×

If your control plane API endpoint is available, but worker nodes did not join the hosted cluster on AWS, you can debug worker node issues.

Checking why worker nodes did not join the hosted cluster

To troubleshoot why worker nodes did not join the hosted cluster on AWS, you can check the following information.

Prerequisites
Procedure
  1. Address any error messages in the status of the HostedCluster and NodePool resources:

    1. Check the status of the HostedCluster resource by running the following command:

      $ oc get hc -n <hosted_cluster_namespace> <hosted_cluster_name> -o jsonpath='{.status}'
    2. Check the status of the NodePool resource by running the following command:

      $ oc get hc -n <hosted_cluster_namespace> <hosted_cluster_name> -o jsonpath='{.status}'

      If you did not find any error messages in the status of the HostedCluster and NodePool resources, proceed to the next step.

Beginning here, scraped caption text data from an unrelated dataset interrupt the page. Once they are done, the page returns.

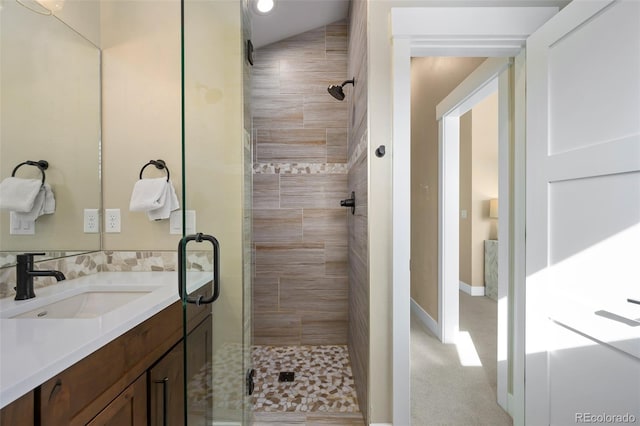 bathroom with a stall shower and vanity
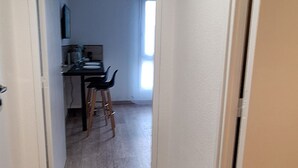 A narrow hallway with wooden flooring leading to a dining area with a table and chairs. - Studio Cosy le Natureavec Parking Fermé (Lourdes)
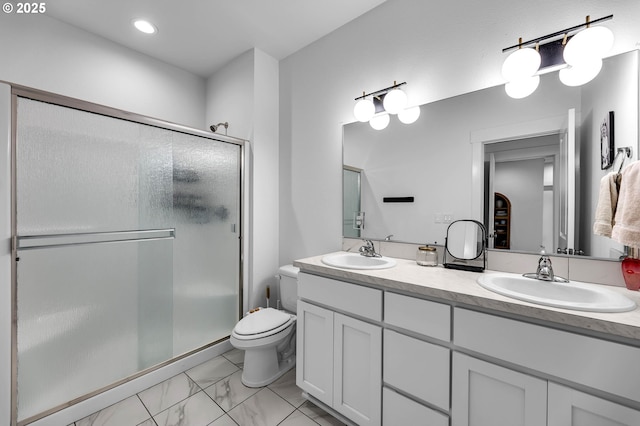 full bath featuring a sink, a shower stall, double vanity, and toilet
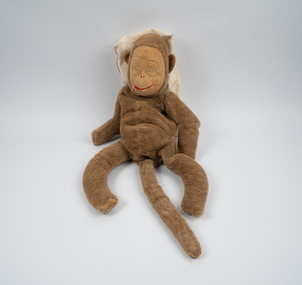 A brown toy monkey with a lighter brown felt face; the monkey's mouth is a red line and its eyes are closed.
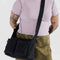 model wearing black medium cargo crossbody bag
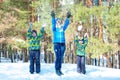 Mother and two sons walk in a snowy forest . Family Winter fun for Christmas vacation. Royalty Free Stock Photo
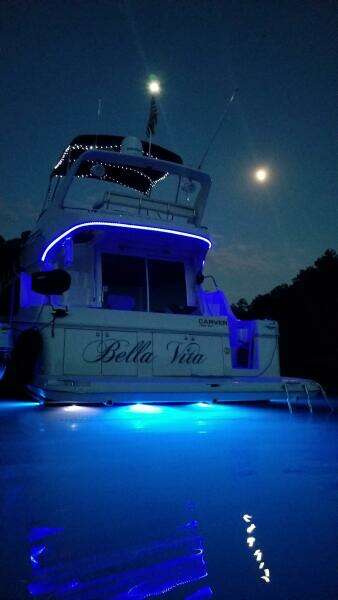 2004 Carver 360 Sport Sedan yacht illuminated at night with blue lights under a moonlit sky.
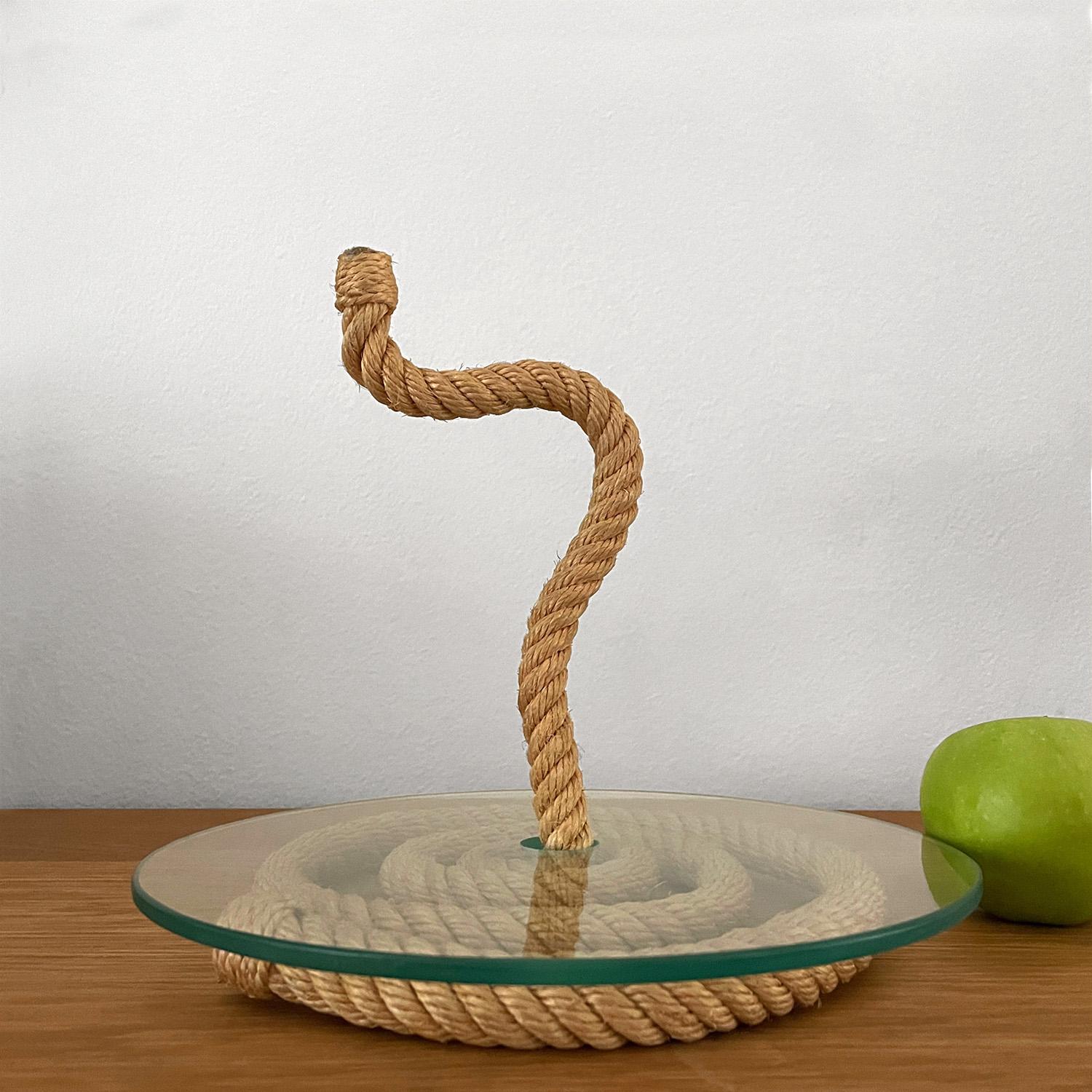 Audoux Minet rope and glass service plate 
France, circa 1950’s
Beautifully sculpted and coiled rope center piece has natural color variations 
Patina from age and use
New glass service plate
This listing is for a single plate
Last photo is for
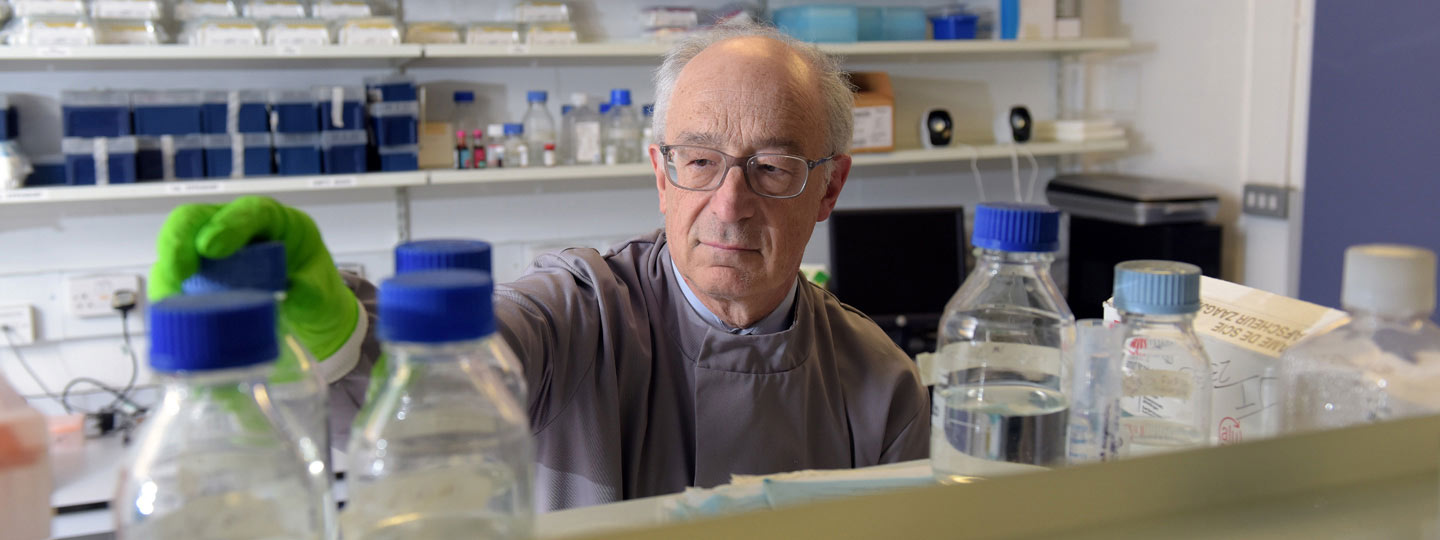 A researcher in a laboratory looking at clear liquid in a bottle.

  2. Check if your worker machines are created by running the following commands, replacing values as necessary:

    $ HC_NAMESPACE="clusters"
    $ HC_NAME="cluster_name"
    $ CONTROL_PLANE_NAMESPACE="${HC_NAMESPACE}-${HC_NAME}"
    $ oc get machines.cluster.x-k8s.io -n $CONTROL_PLANE_NAMESPACE
    $ oc get awsmachines -n $CONTROL_PLANE_NAMESPACE
  3. If worker machines do not exist, check if the machinedeployment and machineset resources are created by running the following commands:

    $ oc get machinedeployment -n $CONTROL_PLANE_NAMESPACE
    $ oc get machineset -n $CONTROL_PLANE_NAMESPACE
  4. If the machinedeployment and machineset resources do not exist, check logs of the HyperShift Operator by running the following command:

    $ oc logs deployment/operator -n hypershift
  5. If worker machines exist but are not provisioned in the hosted cluster, check the log of the cluster API provider by running the following command:

    $ oc logs deployment/capi-provider -c manager -n $CONTROL_PLANE_NAMESPACE
  6. If worker machines exist and are provisioned in the cluster, ensure that machines are initialized through Ignition successfully by checking the system console logs. Check the system console logs of every machine by using the console-logs utility by running the following command:

    $ ./bin/hypershift console-logs aws --name $HC_NAME --aws-creds ~/.aws/credentials --output-dir /tmp/console-logs

    You can access the system console logs in the /tmp/console-logs directory. The control plane exposes the Ignition endpoint. If you see an error related to the Ignition endpoint, then the Ignition endpoint is not accessible from the worker nodes through https.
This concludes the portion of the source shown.